There are currently 62 active licences on Manitoulin Island, of which three-quarters are Class B licences that limit the amount that can be annually extracted. Twelve sites have been surrendered. MAAP is looking for legacy sites on Manitoulin to rehabilitate. MAAP estimates there are 30 legacy sites on the Island, but there could be more.

Those 30 sites were identified in 2009 by the Ontario Geological Survey. MAAP is sending out its own technicians because “they have a better eye for what is and what isn’t a gravel or sand pit and whether it has good potential as a MAAP project,” said Paul Hartnett, a landscape architect and construction supervisor with MAAP. Many of the sites identified in 2009 were noted as ‘landowner not interested’ at the time. The big challenge now is getting enough people signed up to give MAAP a purpose to conduct rehabilitation work here.

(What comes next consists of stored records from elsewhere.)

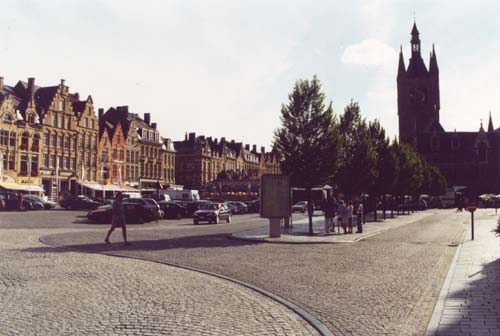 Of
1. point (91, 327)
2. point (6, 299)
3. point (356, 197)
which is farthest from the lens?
point (356, 197)

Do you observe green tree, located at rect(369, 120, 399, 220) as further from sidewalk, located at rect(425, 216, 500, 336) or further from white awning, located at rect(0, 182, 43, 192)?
white awning, located at rect(0, 182, 43, 192)

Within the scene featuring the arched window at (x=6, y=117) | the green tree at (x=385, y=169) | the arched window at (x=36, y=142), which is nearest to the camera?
the green tree at (x=385, y=169)

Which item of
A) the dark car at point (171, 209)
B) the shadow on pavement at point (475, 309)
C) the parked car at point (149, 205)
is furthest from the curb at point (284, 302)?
the dark car at point (171, 209)

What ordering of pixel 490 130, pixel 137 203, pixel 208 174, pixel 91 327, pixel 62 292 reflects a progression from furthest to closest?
pixel 490 130
pixel 208 174
pixel 137 203
pixel 62 292
pixel 91 327

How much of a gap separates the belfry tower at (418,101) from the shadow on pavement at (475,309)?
337ft

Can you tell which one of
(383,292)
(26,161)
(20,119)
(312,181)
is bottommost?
(383,292)

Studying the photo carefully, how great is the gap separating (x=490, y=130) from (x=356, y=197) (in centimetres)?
8608

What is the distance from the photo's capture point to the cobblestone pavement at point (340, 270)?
7.74 meters

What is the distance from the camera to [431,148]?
10725 cm

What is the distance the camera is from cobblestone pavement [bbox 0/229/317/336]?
22.3 feet

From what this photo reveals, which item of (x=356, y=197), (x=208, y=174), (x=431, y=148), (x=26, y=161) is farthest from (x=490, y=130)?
(x=26, y=161)

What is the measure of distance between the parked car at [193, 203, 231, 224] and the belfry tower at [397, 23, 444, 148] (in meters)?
79.5

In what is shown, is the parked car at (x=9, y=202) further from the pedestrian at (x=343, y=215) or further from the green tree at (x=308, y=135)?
the pedestrian at (x=343, y=215)

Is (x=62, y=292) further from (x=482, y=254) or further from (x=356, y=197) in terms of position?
(x=356, y=197) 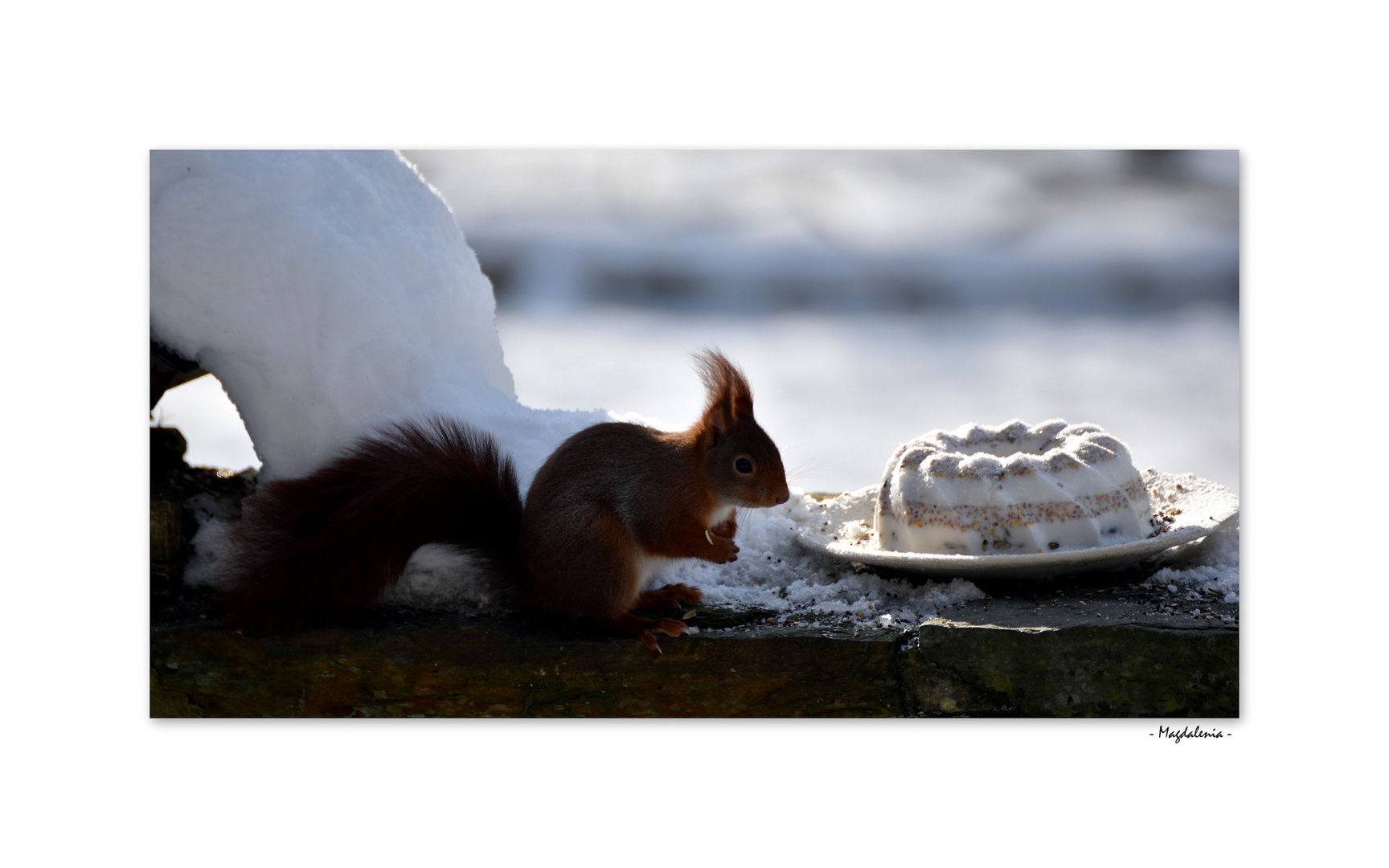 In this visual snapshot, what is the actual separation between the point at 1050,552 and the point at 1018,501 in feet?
0.33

Once an area is identified and enough landowners have signed up for the program, the work begins. “We fly the site with a drone to do a survey and gather data,” said Hartnett. “From that, I develop site plans and calculate the cut and fill for the area we’re going to reshape, then put together the drawings that direct the contractors on what’s expected of them in terms of earth work and hydroseeding. Then we hire the contractors and I oversee construction.”

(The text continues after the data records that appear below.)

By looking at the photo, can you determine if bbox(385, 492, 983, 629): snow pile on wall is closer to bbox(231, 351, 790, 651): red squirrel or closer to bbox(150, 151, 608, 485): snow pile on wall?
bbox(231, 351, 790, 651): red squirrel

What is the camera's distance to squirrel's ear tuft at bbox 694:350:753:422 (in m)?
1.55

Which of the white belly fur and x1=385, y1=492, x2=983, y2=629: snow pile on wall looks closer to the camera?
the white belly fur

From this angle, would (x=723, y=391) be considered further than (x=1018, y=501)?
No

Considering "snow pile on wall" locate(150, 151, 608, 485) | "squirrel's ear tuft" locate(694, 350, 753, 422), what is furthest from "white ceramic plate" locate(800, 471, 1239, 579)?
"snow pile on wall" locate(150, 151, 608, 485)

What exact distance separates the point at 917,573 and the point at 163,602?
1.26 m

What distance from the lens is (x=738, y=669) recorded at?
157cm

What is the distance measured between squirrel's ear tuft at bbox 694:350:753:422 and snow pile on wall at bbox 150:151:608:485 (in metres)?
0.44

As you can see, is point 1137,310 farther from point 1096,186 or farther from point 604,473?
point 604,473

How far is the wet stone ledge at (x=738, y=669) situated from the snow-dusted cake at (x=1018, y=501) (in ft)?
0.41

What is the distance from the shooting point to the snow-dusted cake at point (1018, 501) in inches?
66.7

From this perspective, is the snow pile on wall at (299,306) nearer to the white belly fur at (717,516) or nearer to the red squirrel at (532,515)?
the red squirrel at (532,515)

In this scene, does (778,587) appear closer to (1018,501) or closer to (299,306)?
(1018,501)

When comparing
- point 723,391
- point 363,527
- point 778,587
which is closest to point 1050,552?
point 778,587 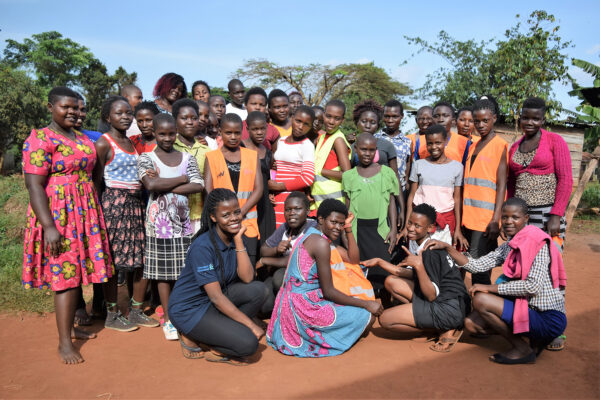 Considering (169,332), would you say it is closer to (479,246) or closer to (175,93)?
(175,93)

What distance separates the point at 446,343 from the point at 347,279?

Hartnett has been with MAAP for 12 years and has completed about 350 rehabilitation projects with them. He was lands manager for a fairly large company in the aggregate industry prior to joining MAAP, and started out in landscape construction before obtaining his master’s degree in landscape architecture. He tries to accommodate people’s wishes for the rehabilitation projects but said each site is typically unique and will “lend itself to what it wants to be.”